Si le premier chapitre installe le cadre du personnage, les chapitres deux à quatre retracent avec brio le parcours politique d’Antonelle sous la Révolution (1790–1799). Le chapitre quatre, intitulé « L’inventeur de la démocratie représentative », narre la période où Antonelle affronte coude à coude les « girouettes » du Directoire. Si entre 1797 et 1799, sa vie est constamment menacée par complots d’assassinat, c’est également durant cette période qu’il s’illustre le plus sur la scène politique avec des écrits et des idées brillantes. Osant jumeler la notion de démocratie avec celle de la représentation, l’expression doit pour Antonelle garantir un assemblage homogène constitué de trois droits fondamentaux : « le droit de suffrage universel, le droit de s’assembler paisiblement et le droit de résistance à l’oppression »[7].

Les autres chapitres (cinq, sept et huit) s’engagent à rapporter la vie de l’Arlésien dans sa ville natale. Le cinquième chapitre suit son retour après la prise de pouvoir de Napoléon, le forçant à retourner à Arles en 1800, tandis que le septième chapitre met en scène une histoire d’amour enflammée, mais où le protagoniste en sort « giflé » et mélancolique. Le huitième et dernier chapitre se conclut avec une histoire d’Arles sous la Révolution française et analyse le parcours politique d’Antonelle comme maire de la municipalité.
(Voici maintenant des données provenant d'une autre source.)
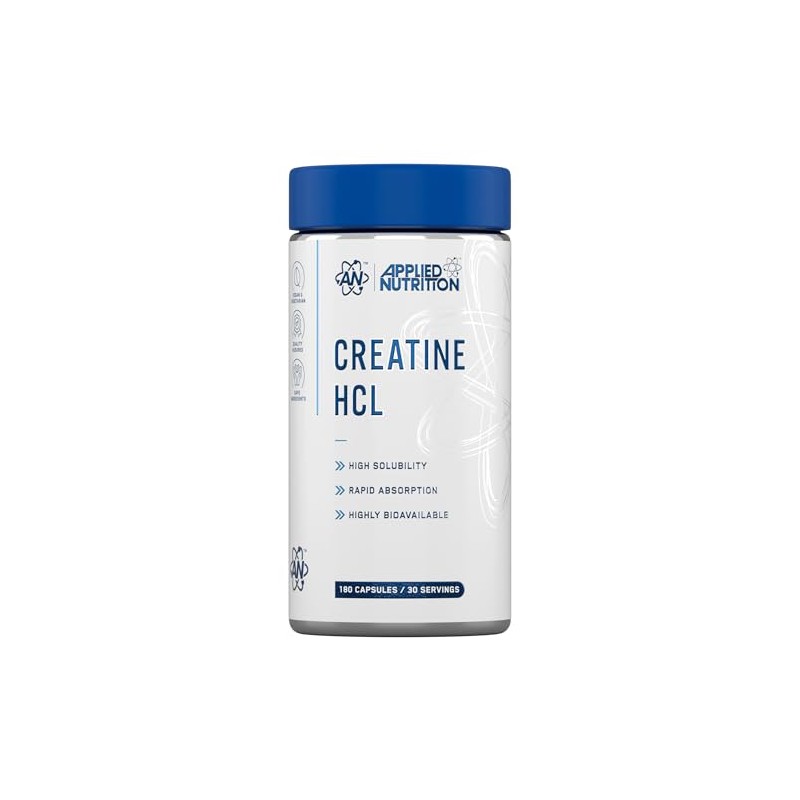 Applied Nutrition Creatine HCL Capsules, 3g Creatine Per Serving, Creatine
En terminant, l’ouvrage de Pierre Serna ne se distingue pas seulement par la découverte du père fondateur du concept de démocratie représentative ni par la mise en récit de l’existence d’un personnage politique oublié. À travers le microcosme d’Antonelle, l’historien y mêle une étude minutieuse des pratiques et des idées politiques républicaines. À ce titre, le champ d’exploration de la violence révolutionnaire, un sujet familier pour Pierre Serna, est abordé d’une manière originale. En revanche, la structure atypique pour le genre biographique peut paraître un peu rude pour les néophytes de la Révolution française. Après un premier ouvrage consacré à Antonelle en 1997[8], émanant directement de la thèse de doctorat de l’auteur (dirigée sous Michel Vovelle), avec ce deuxième opus, Pierre Serna allège et vulgarise non seulement son contenu, mais encore une fois, expose l’importance de tisser des liens entre le passé et le présent. Jeter un coup d’oeil sur les institutions politiques d’hier, c’est s’interroger sur les fondements et les idées de celles qui nous gouvernent aujourd’hui.